§ Requirement: Write the records out again, unchanged.

Records from a data collection
····················

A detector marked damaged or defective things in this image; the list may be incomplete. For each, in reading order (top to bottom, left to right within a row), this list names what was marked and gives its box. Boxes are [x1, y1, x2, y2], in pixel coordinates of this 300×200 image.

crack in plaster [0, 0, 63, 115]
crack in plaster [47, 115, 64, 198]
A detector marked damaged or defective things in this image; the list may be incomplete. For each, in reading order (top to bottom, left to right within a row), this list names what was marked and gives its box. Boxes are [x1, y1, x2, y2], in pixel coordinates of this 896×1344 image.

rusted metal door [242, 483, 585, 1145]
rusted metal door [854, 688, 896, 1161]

····················

§ Answer for this exercise:
A detector marked damaged or defective things in this image; the list may be incomplete. For each, in reading order (top to bottom, left to right within a row), this list names what was marked and gives its box. Boxes are [x1, y1, x2, y2], in pixel coordinates of this 300×200 image.

crack in plaster [0, 0, 63, 115]
crack in plaster [47, 115, 64, 198]
A detector marked damaged or defective things in this image; the list may be incomplete. For each, in reading order (top to bottom, left to right within a row), this list names what was marked and gives its box. Boxes are [x1, y1, x2, y2], in pixel coordinates of this 896×1344 image.

rusted metal door [242, 483, 585, 1145]
rusted metal door [854, 688, 896, 1161]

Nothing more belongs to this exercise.